A Philosophical Look At Fair Trade
What comes to mind when I say ‘fair trade?’
If I’m being honest, before I started looking into all of this I would have blurted out things like:
- Shea Butter helping women in Africa
- Cocoa Butter from Ghanan Co-operatives.
- Chocolate 🙂
- Third-World countries.
But that’s not it.
That’s not all of it.
I’ve been away from this blog for a while researching and working on other things, some cosmetic and some less so but while I’ve been away I’ve also been digging around into the world of Fair Trade and one thing that has struck me of late strikes at the very heart of who we are as people.
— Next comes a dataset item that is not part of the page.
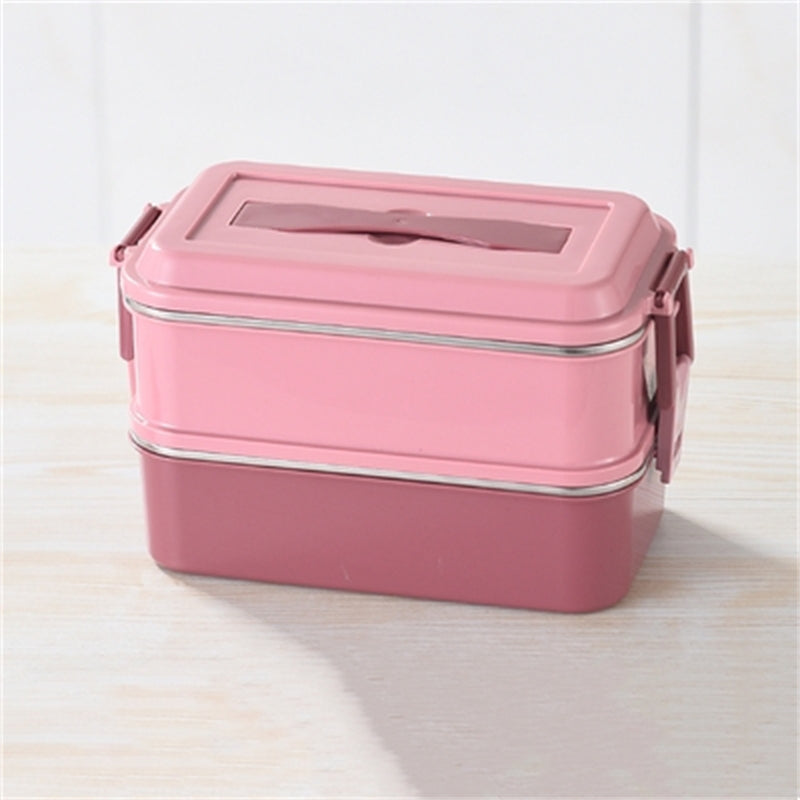 1pc SUS304 Insulated 2 Layers Lunch Box Good looking Appearance Lunch Box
Does the need for certified ‘Fair Trade’ imply that regular trade is unfair?
A deep question indeed…….
One of the activities I’ve been participating in outside of direct cosmetic chemistry is farming and more specifically my husband and I have been undertaking a course in farm planning and management so that we might have the skills and contacts we need to make a go of our 50 acre block.
Farming has put me in touch with primary producers here in Australia and the story I’m getting from these people is one of increasing unfairness, of seeing margins squeezed, of being taken advantage of, marginalised, forgotten.
You don’t have to go to Africa to ask a farmer if trade is fair?
The last couple of weeks here in Australia have seen the fairness of milk pricing put on the table as many farmers have been slugged bills from the processors that run into thousands (sometimes hundreds of thousands) of dollars due to them slashing farm gate prices and demanding a claw back of funds. The issue is complex and is explained well here but basically our Aussie milk farm-gate price is determined by market forces – the local market (25% of total milk production) is dominated by a duopoly of supermarkets who have, since 2011 used milk as a loss leader to get people into their stores while the external market (75%) is traded on a demand and with the rising Aussie dollar and demand for powdered milk in China shrinking processor Murray Goulburn has ended up in a financial pickle!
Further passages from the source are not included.